Somewhere along the way, Thanksgiving changed.
Once a day of simple adoration of a supermarket turkey roasted in the oven, the cuisine and ethic of the holiday have grown complicated.
Now there is societal pressure to buy a local bird and to inquire about the turkey's upbringing. There is a cacophony of expert advice on how to prepare the bird with recommendations ranging from bathing the raw bird in salt water, to smoking it in a barbecue cooker, to dropping it into a deep fat fryer.
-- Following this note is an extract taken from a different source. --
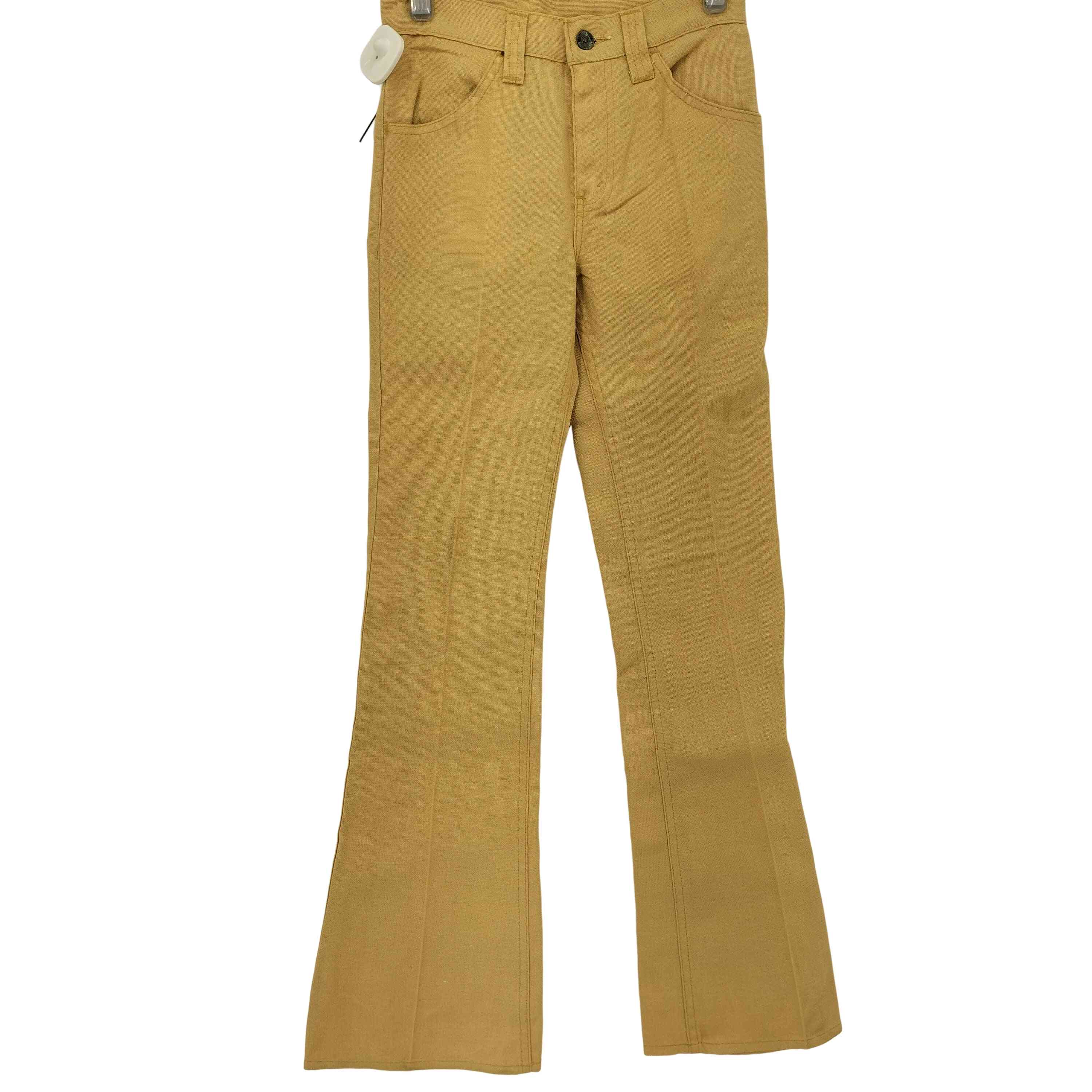 80s LEVIS 646 スタプレ イエロー FLARE PANTS W33(楽天市場 80s LEVIS 646 スタプレ イエロー FLARE PANTS W33(楽天市場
Moreover, an increasing number of vegetarians are saying forget the turkey and God bless the gourds. Then there are the raw fooders who feast on uncooked turnips and on refrigerated, not cooked, pumpkin pie.
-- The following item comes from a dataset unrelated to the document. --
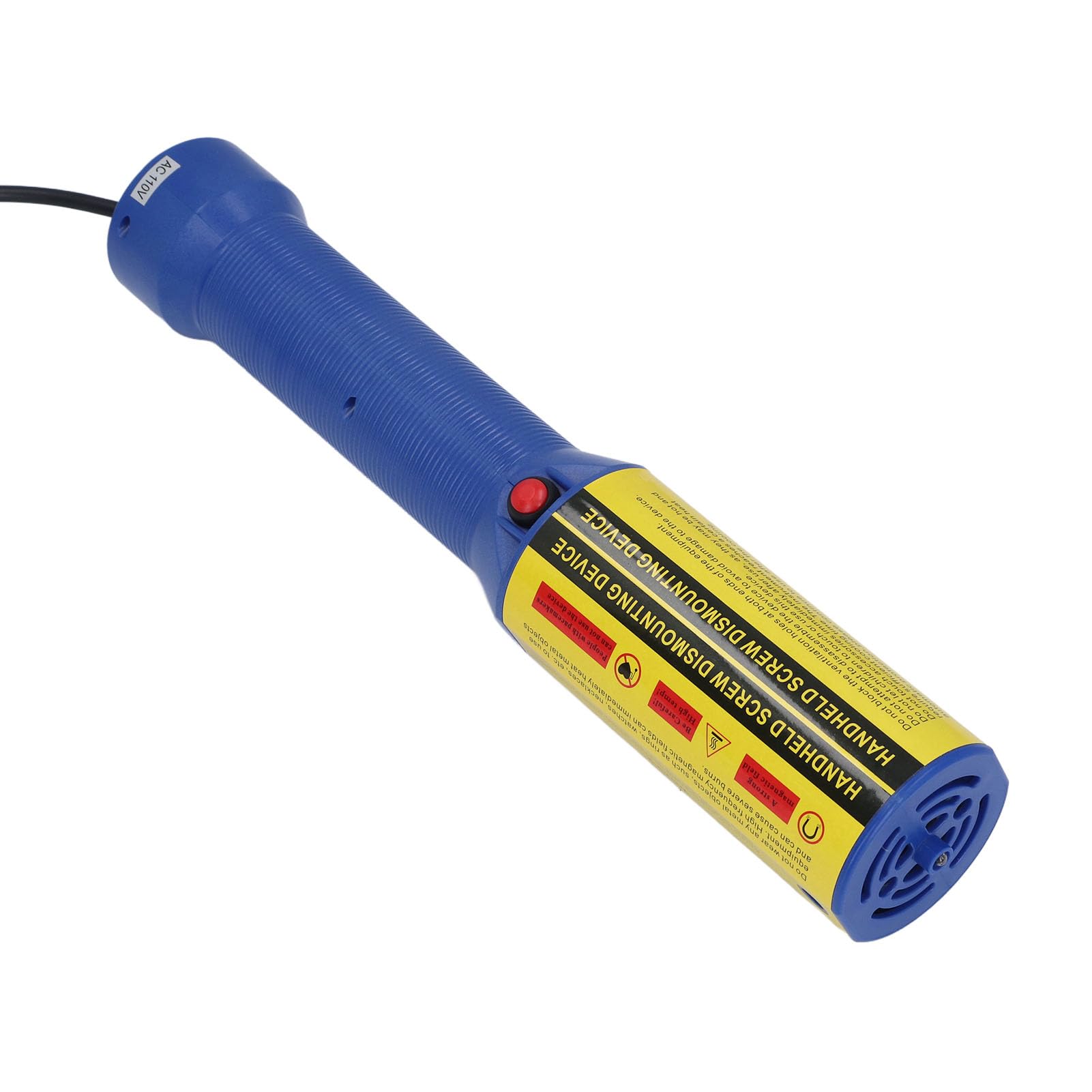 Generic Narzędzie do Indukcji Ciepła, Zestaw Grzewczy z indukcją magnetyczną o Wysokiej Częstotliwości 1500 W z światłem LED do Motoryzacyjnej (Wtyczka UE 220 V)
Thanksgiving, in short, has become as diverse, complex, and quirky as the American family seated around the dining room table.
These days the historians at the table probably have a soft spot for the heritage turkeys, breeds like the Narrragansetts raised at Springfield Farm in Baltimore County. The bloodlines of these pricey, free-ranging birds can be traced back to flocks that frolicked with the Pilgrims.
The locavores in the clan believe in eating locally-grown, broad-breasted white turkeys as well as produce grown in nearby dirt, some saying their lips will touch nothing grown beyond 100 miles from their homes.
A few years ago, the vegetarians in the family would have felt lonely, but lately their ranks are growing; they now number 3.8 percent of Americans, according to Charles Stahler, head of the Baltimore-based Vegetarian Resource Group. Moreover, he says, the turnout and number of dishes are growing each year at the group's annual all-vegetable pot luck supper held in the North Baltimore Mennonite Church in Roland Park the Sunday before Thanksgiving.
There probably won't be many members of the raw food contingent at the typical Baltimore area Thanksgiving table. This group touts the health benefits of eating uncooked fruit and vegetables. But according to Alissa Cohen, a Boston chef and cookbook author who has trained several Baltimore area residents in the techniques of the cuisine, raw fooders dwell among us. Ms. Cohen,43, says she grew up sitting in front of big turkey but changed her eating habits 20 years ago and this Thanksgiving will preside over a 12-course feast of raw foods at her home. In place of the bird, the main entrée, will be "ravioli," thin slices of turnips stuffed with a pureed mixture of vegetables and fruit.
There has also been a change of tone surrounding Thanksgiving as a number of environmental groups have come up with suggestions for how to lessen the impact of the feast. The leading proposition is replacing the turkey with tofu or vegetables, a non-starter for many households. Other guideposts for greening up Thanksgiving are using cloth rather than paper napkins, cleansing dishes in a dishwasher rather than by hand, and decorating the table with natural materials including using dried tree leaves as place cards.
A favorite suggestion — one that seems to capture the contradiction of the day — came from Plano, Texas. There, where many folks deep-fry their Thanksgiving birds, the city collects the spent cooking oil, converts it to biodiesel and uses it to run some city vehicles.
So too in Baltimore. Willie Pearson, the proprietor of Willie P's, a deep fat turkey frying operation on Maine Avenue in West Baltimore, has been recycling his spent cooking oil for years. Once he has met all his orders for Thanksgiving, Mr. Pearson summons Greenlight Biofuels in Beltsville, and the peanut oil that gave hundreds of Thanksgiving turkeys a crisp skin is converted into biodiesel.
From brown turkey to green fuel, that is Thanksgiving 2010.